Procédure devant la cour :
Par une requête enregistrée le 22 décembre 2021, M. B..., représenté par Me Djemaoun, demande à la cour :
1°) de l'admettre provisoirement au bénéfice de l'aide juridictionnelle ;
2°) d'annuler le jugement du 25 novembre 2021 ;
3°) d'enjoindre au ministre de l'intérieur de l'autoriser à entrer sur le territoire national, d'enregistrer sa demande d'asile en procédure normale et de lui délivrer une attestation de demande d'asile dans le délai de trois jours ;
4°) de mettre à la charge de l'État la somme de 1 200 euros à verser à son conseil, au titre des dispositions de l'article L. 761-1 du code de justice administrative et de l'article 37 de la loi du 10 juillet 1991.
Il soutient que :
- le jugement est irrégulier dès lors que la minute du jugement n'est pas signée ;
- les premiers juges n'ont pas répondu au moyen tiré de ce que l'arrêté est entaché d'illégalité pour avoir fixé le Niger comme pays de renvoi alors que M. B... est togolais ;
- le jugement n'est pas suffisamment motivé ;
- l'arrêté est entaché d'incompétence de l'auteur de l'acte ;
- l'arrêté est entaché d'un manquement relatif aux conditions matérielles de l'entretien et à la procédure ;
- l'arrêté est entaché d'une méconnaissance du principe de confidentialité des éléments de sa demande d'asile ;
- l'arrêté du ministre de l'intérieur est entaché d'erreur de droit dès lors que ce dernier a procédé à un examen de sa demande d'asile dépassant le cadre de son caractère " manifestement infondé " ;
- il est entaché d'une erreur d'appréciation au regard des dispositions de l'article L. 352-1 du code de l'entrée et du séjour des étrangers et du droit d'asile ; son état de vulnérabilité n'a pas été pris en compte ;
- la décision attaquée méconnaît le principe de non refoulement et l'article 33 de la convention de Genève ainsi que l'article 3 de la convention européenne de sauvegarde des droits de l'homme et des libertés fondamentales.

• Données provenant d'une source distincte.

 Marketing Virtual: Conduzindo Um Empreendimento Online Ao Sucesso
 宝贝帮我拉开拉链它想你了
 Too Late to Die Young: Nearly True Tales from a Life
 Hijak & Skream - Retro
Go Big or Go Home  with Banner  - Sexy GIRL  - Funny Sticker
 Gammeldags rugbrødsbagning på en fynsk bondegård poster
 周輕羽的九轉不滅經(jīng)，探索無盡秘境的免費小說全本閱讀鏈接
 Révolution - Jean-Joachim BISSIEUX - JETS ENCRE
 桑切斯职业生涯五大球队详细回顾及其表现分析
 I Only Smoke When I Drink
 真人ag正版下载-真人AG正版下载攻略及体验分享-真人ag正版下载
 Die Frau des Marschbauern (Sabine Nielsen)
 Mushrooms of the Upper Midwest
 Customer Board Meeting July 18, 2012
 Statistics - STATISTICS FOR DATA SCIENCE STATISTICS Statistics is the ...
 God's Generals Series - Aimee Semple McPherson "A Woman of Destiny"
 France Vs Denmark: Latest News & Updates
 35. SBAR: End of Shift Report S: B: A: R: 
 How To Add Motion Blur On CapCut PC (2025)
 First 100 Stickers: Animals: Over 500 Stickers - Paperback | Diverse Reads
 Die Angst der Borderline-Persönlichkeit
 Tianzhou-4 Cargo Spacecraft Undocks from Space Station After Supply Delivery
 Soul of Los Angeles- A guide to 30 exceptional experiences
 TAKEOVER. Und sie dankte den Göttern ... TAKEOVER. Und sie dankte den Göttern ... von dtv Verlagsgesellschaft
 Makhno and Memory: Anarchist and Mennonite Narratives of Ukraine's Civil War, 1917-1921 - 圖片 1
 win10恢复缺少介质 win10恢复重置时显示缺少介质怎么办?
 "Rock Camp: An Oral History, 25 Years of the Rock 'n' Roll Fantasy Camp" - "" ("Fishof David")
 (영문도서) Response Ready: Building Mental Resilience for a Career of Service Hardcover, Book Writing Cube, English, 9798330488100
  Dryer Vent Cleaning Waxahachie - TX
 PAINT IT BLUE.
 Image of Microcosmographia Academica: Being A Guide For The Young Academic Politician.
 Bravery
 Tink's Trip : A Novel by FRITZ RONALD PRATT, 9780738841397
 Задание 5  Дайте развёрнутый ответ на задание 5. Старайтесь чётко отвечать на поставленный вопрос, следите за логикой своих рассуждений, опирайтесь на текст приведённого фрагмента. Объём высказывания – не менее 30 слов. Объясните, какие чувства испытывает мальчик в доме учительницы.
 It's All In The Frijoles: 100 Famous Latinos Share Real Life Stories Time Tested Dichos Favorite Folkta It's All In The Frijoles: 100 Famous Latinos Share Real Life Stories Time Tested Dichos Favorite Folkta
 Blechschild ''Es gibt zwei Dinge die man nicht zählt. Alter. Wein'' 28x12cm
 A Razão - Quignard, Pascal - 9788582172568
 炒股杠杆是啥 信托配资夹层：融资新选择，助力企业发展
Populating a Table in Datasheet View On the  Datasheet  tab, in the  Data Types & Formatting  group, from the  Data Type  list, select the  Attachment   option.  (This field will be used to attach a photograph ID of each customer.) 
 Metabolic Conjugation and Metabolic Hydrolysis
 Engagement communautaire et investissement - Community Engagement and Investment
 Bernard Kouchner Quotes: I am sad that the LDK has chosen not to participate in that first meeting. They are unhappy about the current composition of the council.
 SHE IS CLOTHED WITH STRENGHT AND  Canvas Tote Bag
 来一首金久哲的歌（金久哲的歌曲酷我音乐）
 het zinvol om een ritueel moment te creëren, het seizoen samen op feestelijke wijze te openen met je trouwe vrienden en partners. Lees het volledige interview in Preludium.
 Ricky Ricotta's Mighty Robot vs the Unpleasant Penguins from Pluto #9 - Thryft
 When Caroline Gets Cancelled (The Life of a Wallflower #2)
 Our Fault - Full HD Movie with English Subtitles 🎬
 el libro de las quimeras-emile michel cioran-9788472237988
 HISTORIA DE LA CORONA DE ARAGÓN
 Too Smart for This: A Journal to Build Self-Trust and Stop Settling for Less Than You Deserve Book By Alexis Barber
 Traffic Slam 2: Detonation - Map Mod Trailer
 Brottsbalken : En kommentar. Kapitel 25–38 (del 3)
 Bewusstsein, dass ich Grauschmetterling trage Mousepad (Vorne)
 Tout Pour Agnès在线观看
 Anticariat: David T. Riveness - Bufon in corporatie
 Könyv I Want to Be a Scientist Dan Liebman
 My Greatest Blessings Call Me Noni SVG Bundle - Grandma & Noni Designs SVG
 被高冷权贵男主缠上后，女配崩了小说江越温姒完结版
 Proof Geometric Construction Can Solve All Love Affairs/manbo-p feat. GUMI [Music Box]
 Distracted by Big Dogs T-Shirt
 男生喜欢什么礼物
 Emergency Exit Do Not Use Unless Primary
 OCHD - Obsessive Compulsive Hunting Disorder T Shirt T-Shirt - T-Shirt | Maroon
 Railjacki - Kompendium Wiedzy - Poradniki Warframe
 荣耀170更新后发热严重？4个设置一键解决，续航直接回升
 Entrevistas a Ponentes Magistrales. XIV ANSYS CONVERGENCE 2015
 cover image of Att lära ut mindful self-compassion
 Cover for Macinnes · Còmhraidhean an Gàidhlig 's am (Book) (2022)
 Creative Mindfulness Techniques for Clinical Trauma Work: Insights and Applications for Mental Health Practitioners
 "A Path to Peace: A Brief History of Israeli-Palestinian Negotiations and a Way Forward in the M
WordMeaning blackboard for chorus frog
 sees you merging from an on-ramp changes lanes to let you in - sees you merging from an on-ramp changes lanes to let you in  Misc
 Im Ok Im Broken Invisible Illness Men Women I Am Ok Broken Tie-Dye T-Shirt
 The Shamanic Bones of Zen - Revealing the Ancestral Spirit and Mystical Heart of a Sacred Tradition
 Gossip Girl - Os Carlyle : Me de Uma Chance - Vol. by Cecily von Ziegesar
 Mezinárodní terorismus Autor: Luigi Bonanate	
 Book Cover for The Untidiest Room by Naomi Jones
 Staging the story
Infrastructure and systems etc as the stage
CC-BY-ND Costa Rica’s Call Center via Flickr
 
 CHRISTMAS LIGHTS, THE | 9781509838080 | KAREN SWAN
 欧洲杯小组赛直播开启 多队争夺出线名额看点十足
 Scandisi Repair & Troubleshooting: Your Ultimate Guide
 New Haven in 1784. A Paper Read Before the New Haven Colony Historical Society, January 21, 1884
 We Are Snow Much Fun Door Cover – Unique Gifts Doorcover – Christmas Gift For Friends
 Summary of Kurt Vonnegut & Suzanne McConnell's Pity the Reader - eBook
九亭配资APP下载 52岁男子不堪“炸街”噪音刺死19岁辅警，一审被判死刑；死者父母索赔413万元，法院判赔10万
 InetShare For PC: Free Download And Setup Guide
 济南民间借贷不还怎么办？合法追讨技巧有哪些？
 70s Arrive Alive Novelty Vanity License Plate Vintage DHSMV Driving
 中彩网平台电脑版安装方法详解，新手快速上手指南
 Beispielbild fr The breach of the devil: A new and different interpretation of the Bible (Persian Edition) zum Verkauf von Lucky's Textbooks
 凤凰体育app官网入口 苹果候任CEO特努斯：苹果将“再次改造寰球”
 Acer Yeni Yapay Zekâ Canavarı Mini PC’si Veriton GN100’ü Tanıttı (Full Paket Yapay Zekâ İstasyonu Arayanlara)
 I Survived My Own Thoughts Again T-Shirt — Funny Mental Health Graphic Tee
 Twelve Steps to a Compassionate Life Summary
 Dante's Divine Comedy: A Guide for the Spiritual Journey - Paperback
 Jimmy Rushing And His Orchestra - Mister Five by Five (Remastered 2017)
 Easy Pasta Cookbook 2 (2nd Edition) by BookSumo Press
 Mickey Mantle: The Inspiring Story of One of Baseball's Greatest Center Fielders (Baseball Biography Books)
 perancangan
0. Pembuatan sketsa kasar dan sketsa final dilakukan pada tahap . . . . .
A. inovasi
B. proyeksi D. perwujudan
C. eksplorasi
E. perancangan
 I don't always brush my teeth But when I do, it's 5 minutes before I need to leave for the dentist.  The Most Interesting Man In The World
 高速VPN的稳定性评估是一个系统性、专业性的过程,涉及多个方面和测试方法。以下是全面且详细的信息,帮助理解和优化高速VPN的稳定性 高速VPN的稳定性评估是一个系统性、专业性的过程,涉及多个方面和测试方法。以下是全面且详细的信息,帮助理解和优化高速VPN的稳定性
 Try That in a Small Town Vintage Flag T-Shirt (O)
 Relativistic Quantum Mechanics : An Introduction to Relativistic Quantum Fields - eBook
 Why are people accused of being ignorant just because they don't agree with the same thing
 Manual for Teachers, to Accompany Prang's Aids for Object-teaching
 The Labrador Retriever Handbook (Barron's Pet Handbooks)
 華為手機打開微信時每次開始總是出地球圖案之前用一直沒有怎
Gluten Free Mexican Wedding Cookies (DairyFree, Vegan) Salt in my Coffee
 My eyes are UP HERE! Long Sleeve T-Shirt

La requête a été communiquée au ministre de l'intérieur, qui n'a pas produit de mémoire en défense.
Vu les autres pièces du dossier.
Vu :
- la convention de Genève du 28 juillet 1951 ;
- la convention européenne de sauvegarde des droits de l'homme et des libertés fondamentales ;
- le code de l'entrée et du séjour des étrangers et du droit d'asile ;
- la loi n° 91-647 du 10 juillet 1991 ;
- le code de justice administrative.
Les parties ont été régulièrement averties du jour de l'audience.
Le président de la formation de jugement a dispensé la rapporteure publique, sur sa proposition, de prononcer des conclusions à l'audience.
Ont été entendus au cours de l'audience publique :
- le rapport de Mme C...,
- les observations de Me Djemaoun, représentant M. B...,
- et les observations de Me Ben Hamouda, représentant le ministre de l'intérieur.
Considérant ce qui suit :
1. M. B..., ressortissant togolais né le 10 mars 1980, est arrivé en France à l'aéroport de Roissy-Charles de Gaulle le 18 novembre 2021. Il a été placé en zone d'attente et a présenté une demande d'asile qui a été enregistrée le 19 novembre 2021. Par une décision du 22 novembre 2021, le ministre de l'intérieur, après avis de l'Office français de protection des réfugiés et apatrides (OFPRA), a refusé de l'admettre sur le territoire français et a ordonné son réacheminement vers tout pays dans lequel il sera légalement admissible. M. B... relève appel du jugement du 25 novembre 2021 par lequel le tribunal administratif de Paris a rejeté sa demande tendant à l'annulation de cette décision.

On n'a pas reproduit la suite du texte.